We’ve all heard someone say, “I’m just in a bad mood today.”
Sometimes, the mechanics of life–scheduling demands, work, and school expectations, family obligations can all seem “too much”. These are the types of triggers that can affect those with a predisposition to the spectrum of disorders called bipolar. For some, depression and mood swings occur for no discernible reason, they just withdraw and fall into episodes of deep depression.
Historically, there are many examples of famous people who have been diagnosed as bipolar. Winston Churchill described his lingering bouts of depression as his “black dog”. Those who knew him say he suffered from prolonged bouts of worry and anxiety. To cope, he immersed himself in self-education of world history, politics and military matters. In spite of periods of depression, he was an incredibly productive world leader with significant accomplishments. Most recently, successful recording artist, Demi Lovato, went public with her battles with bulimia, drugs, and cutting for which she went into rehab and was diagnosed with bipolar disorder.
How can you tell the difference between everyday low moods and signs of a more serious mental health condition?
When the occasional bad mood turns into sustained periods of extreme highs and lows, this may be a sign of someone dealing with bipolar disorder.
An estimated 6 million adult Americans experience bipolar tendencies, which can vary from mild to severe The cause of bipolar disorder, which also is sometimes called manic depression, isn’t exactly known. However, it is thought to be related to a chemical imbalance in the brain. And because mood disorders tend to run in families, there may be a genetic link.
Men and women are equally affected, although men lean towards the manic spectrum and women are likely to experience more depression. Episodes may last hours, or stretch into months and years.
Usually, those with bipolar disorder experience bipolar depression (the lows) more often than mania or hypomania (the highs). Bipolar depression is more likely to cause disability along with suicidal thoughts and behavior. However, experiencing either extreme of high or low state-of-mind can be disorienting and disruptive. Sufferers may behave in risky and self-destructive ways.
The mania or highs of bipolar disorder may manifest in aggressive behavior with exaggerated optimism and self-confidence, racing thoughts and speech, impulsiveness and easily distracted attention spans with periods of prolonged sleeplessness. People with mania may be super-charged emotionally, full of energy, and talking non-stop.
The depressive side, or the lows bring about prolonged periods of sadness, changes in sleep patterns, irritability, worry, and anxiety. The depressed phase may cause social withdrawal and an inability to partake in former interests.

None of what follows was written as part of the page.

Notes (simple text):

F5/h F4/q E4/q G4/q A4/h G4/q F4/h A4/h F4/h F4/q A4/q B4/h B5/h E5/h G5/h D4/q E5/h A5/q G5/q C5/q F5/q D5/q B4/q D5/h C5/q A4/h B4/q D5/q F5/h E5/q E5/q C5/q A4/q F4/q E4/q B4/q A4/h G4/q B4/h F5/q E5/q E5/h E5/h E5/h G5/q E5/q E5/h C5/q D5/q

Bipolar disorder and depression are diagnosable conditions that may be treated with prescribed medication, talk therapy or support groups, depending on the individual situation. In children, depression and bipolar symptoms are similar to other conditions like ADHD and anxiety. You may wish to insist on additional screening to be sure.
With treatment, children and adults can manage and recognize the triggers for manic behavior and depressive episodes. Keeping a journal for recording behaviors, exercise and diet is usually a good first step.
If you or someone you know has thoughts of death or suicide, call (800) 273-TALK (800-273-8255) or 9-1-1 immediately. Or contact a medical professional, clergy member, loved one, friend, or hospital emergency room.
At The Law Office of Jeanne Coleman, we encourage families to seek education and help if they recognize a loved one is struggling with depression or bipolar tendencies. Be supportive and get in touch with a professional to get the proper treatment and advice.